I probably would have had a better time if I wasn’t thinking about the six-year old kid sitting down the row from me and how he might have been reacting to Reynolds and Morena Baccarin making the loud rowdy for a good ten minutes.
It wasn’t like people didn’t see this coming. An R-rated super-hero movie was just begging for confused parents to show up with little Timmy in tow thinking they were in for another Spider-Man. Facebook and Twitter were awash with public service announcements firmly establishing that this was not a kids’ film. Theaters had signs plastered to their box office windows reminding people of the fact. There’s a gigantic letter R on all the posters.
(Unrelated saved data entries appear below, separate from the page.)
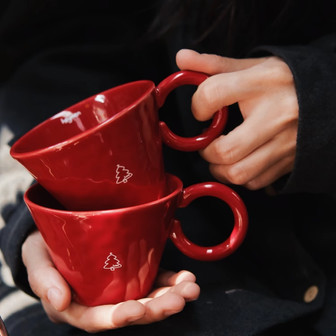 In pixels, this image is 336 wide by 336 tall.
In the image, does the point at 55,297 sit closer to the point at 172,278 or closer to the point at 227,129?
the point at 172,278

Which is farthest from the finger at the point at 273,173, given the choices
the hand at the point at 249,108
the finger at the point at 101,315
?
the finger at the point at 101,315

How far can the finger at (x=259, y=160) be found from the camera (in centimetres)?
57

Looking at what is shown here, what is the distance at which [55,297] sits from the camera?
20.1 inches

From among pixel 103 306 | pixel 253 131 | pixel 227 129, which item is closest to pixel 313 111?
pixel 253 131

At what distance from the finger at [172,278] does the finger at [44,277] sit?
4.6 inches

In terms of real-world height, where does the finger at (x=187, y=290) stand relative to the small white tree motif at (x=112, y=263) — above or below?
below

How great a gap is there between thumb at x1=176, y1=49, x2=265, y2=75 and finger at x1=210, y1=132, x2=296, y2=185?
102 mm

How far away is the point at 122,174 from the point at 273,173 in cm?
22

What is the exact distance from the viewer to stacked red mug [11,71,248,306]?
460mm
And still, from what I’m hearing and what I saw first-hand, bunches of parents saw “Marvel” and spandex and figured it was time for a family outing. And ended up with enough uncomfortable conversations to last them a lifetime.
Now in the grand scheme of things, there’s rated R and there’s RATED R. And honestly, Deadpool is probably on the lighter end of the spectrum. The violence is pretty cartoony, and the language, while definitely raw, is just as cartoony. This isn’t a Scorsese film. If I was the father of a relatively sophisticated 11- or 12-year old, I’d probably take them to see it, provided we had a good long talk beforehand. A teenager? No problem; it’s an inherently juvenile film (and character) anyway.
But I don’t care if you were the inspiration for Baby Geniuses, there are just some things a 6-year old isn’t prepared to handle. There’s no good way to explain to someone who still thinks Sesame Street is high concept that Baccarin offering to sit on Reynolds’ face doesn’t mean she’s looking for a comfortable place to rest for a bit. And I really don’t want to be sitting next to you while you make the attempt. Because that’s what inevitably happens. The kid starts asking questions, the parent begins answering them, and then my nice, adult, R-rated movie experience is now accompanied by a toddler-specific commentary track.
I know there are some kids who can handle more than others; when people would ask me at Universal if their kid would think a ride was scary, I’d ask what the scariest movie they’d seen was and get answers ranging from A Nightmare on Elm Street to E.T. And yes, any parent is going to know their kid better than I do. But the paying audience for an R-rated film isn’t the time or place or test the kid’s limits.